TASK TO COMPLETE: When a record contains an image, skip the image and retype the rest of that record exactly.
BEGIN DATA EXCERPTS
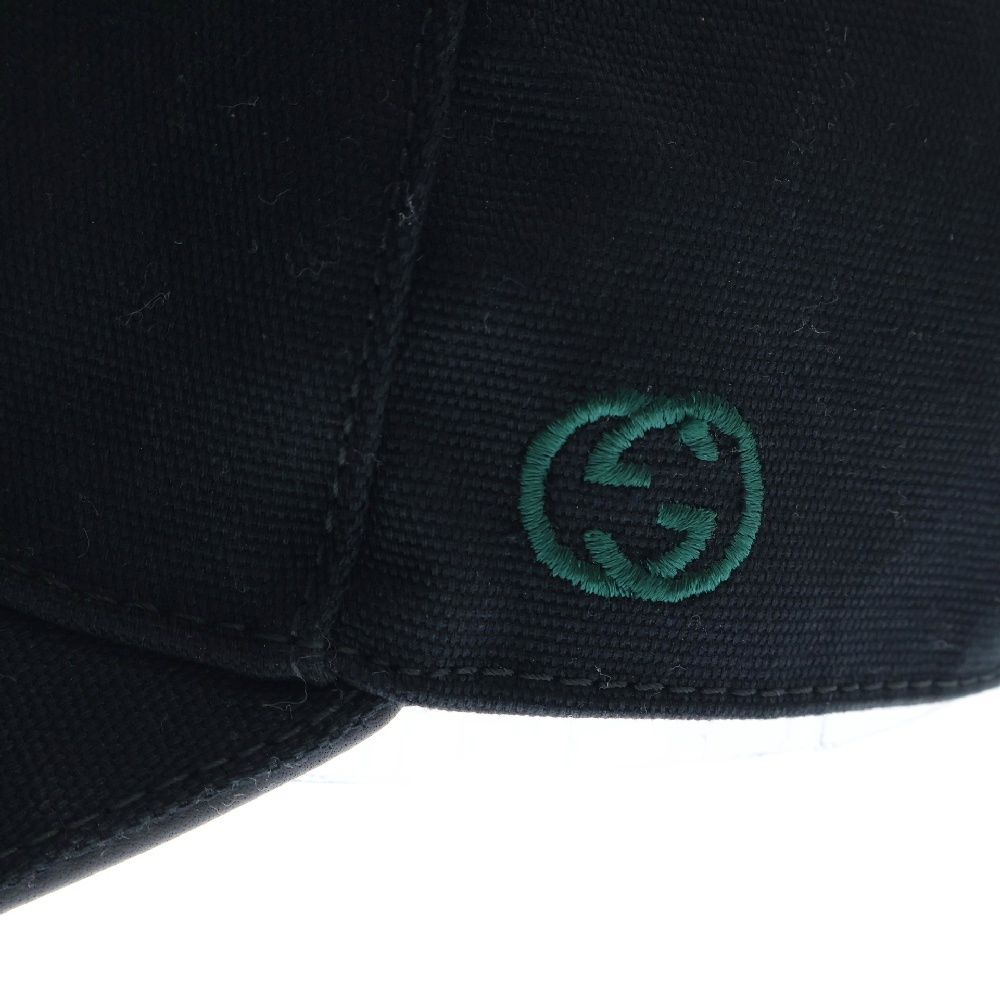 GUCCI (グッチ) インターロッキングG刺繍ベースボールキャップ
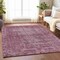 Homeroots 5' X 8' Merlot Oriental Washable Indoor Outdoor Area Rug 607549 - alternate 3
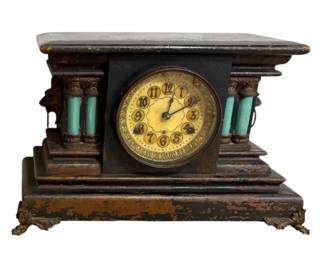 Antique New Haven Pillar Mantel Clock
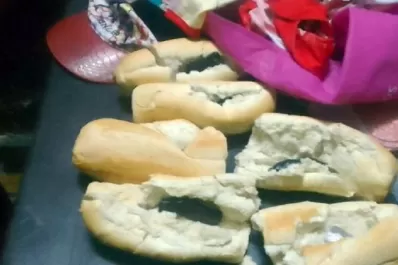 En un pan intentó pasar drogas para un familiar preso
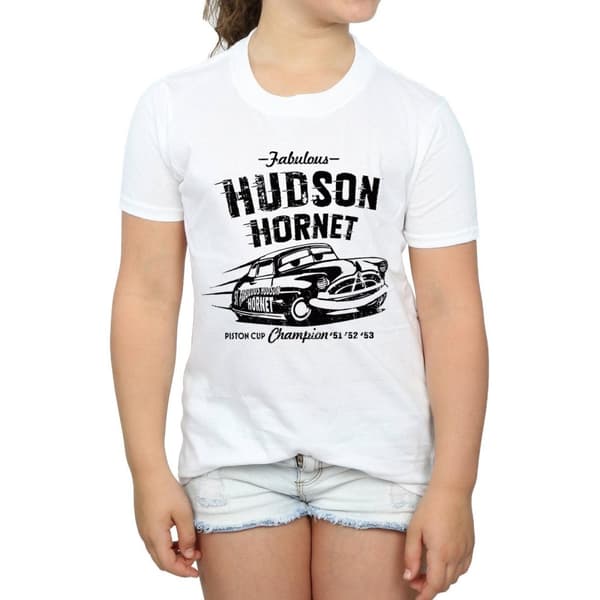 Disney Girls Cars Hudson Hornet Cotton T-Shirt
END DATA EXCERPTS
RESPONSE FOR THIS EXERCISE:
 GUCCI (グッチ) インターロッキングG刺繍ベースボールキャップ
 Homeroots 5' X 8' Merlot Oriental Washable Indoor Outdoor Area Rug 607549 - alternate 3
 Antique New Haven Pillar Mantel Clock
 En un pan intentó pasar drogas para un familiar preso
 Disney Girls Cars Hudson Hornet Cotton T-Shirt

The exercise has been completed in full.